Seeing as both the new consoles and "hawaii" AMD GPUs were developed during the same timespan, it's within the realm of possibilities that consoles include tier 2 functionality. Completely unconfirmed, of course. Also, tier 2 seem to be of rather minor benefit from my limited understanding, so even if it's missing it's not as if we're going to miss it much.

Most games today don't even offer proper anisotropic filtering for textures and such (and gamers overall also don't take notice of the quality reduction), so the possibility of missing hardware MIP mapping support for virtual texturing and whatnot won't be a great loss I wager.
 
I do not remember precisely the presentation AMD made a week ago but iirc only their last GPUs support Tiers 2. Durango and Orbis are based on Sea Island I would guess that both are tiers 1.
They already have gpu's out that are both tier 1 and tier 2 (gcn 1.1), so it wouldn't surprise me if either/both console are also tier 2.

Also, tier 2 seem to be of rather minor benefit from my limited understanding, so even if it's missing it's not as if we're going to miss it much.
This I'm unsure about, in the build presentation it sounded like their was decent performance benefits, or was that talking about if it was only software based?
I don't see why AMD bothered releasing a gcn 1.1 part otherwise to be honest.

Can't remember the name of the co-presenter but they said they were going to do some performance benchmarks soon after, and they never seemed to put it up on their site like they said they would.

Wonder if their able to move cpu resources over to the game partition over time with optimisation, ore if it would have to be a full core?
If not, if they find spare capacity and make some standard libraries resident on the OS side of cpu, something like FMODD etc.

They sound confident on gpu processing power, cpu sounds a bit more tighter. Which I always thought would be the case.
 
Most interesting new points to me:

-Talk about why ESRAM was chosen.

-Mention 8GB was in mind early on (contrary to the fact that reliable sources say the spec was 4GB as late as late 2011)

-They brush aside a ESRAM latency question. Hmm, at first blush, not a good sign for latency benefits.

-Confirms there's no major customizations to the Jaguar CPU's.

-They paint a picture of higher bandwidth vs more CU's for compute, and claim to not know how the battle will turn out.

Indeed, they do seem to imply that esram was chosen to allow for 8GB of main memory within a reasonable cost/power envelope while maintaining reasonable bandwidth as opposed to any latency specific advantages.

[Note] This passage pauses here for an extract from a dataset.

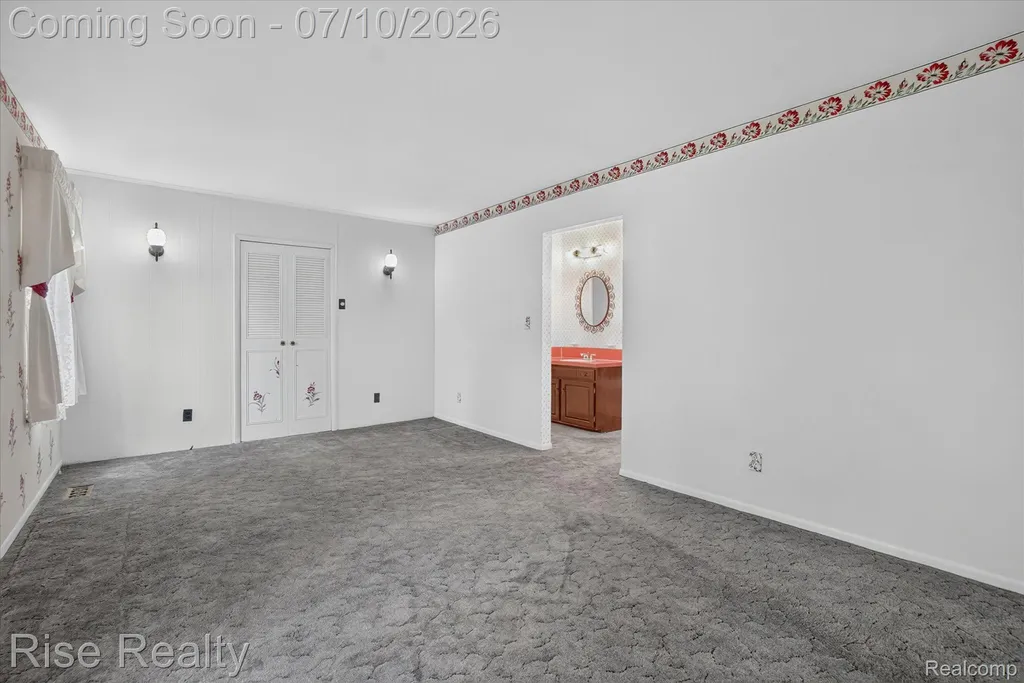10376 Ataberry Drive Vienna Charter Township MI 48420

The confirmation of sea islands architecture for both (strangely) consoles was also interesting. Would love to hear Dave B's take on that considering Sea Islands isnt officially an IP designation.

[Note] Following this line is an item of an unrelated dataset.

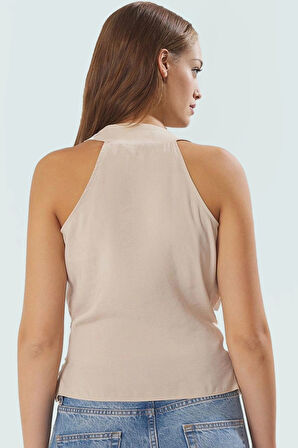 Yazlık Modal Bluz; V Yaka; Fitted; Melfi Dokuma Günlük Kullanım İçin Rahat Ve Şık Seçkin Malzeme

Im also loving the (finally) clear explanation around the esram bandwidth. We now have a real peak figure, an explanation for the missing write cycle and a believable sustainable bandwidth utilisation rate.

Its really great theyve been so honest.
 
Whereas we've said that we find it very important to have bandwidth for the GPGPU workload and so this is one of the reasons why we've made the big bet on very high coherent read bandwidth that we have on our system.

I actually don't know how it's going to play out of our competition having more CUs than us for these workloads versus us having the better performing coherent memory.

Is this the ESRAM 109GB/s figure or the 30GB/s figure or something else?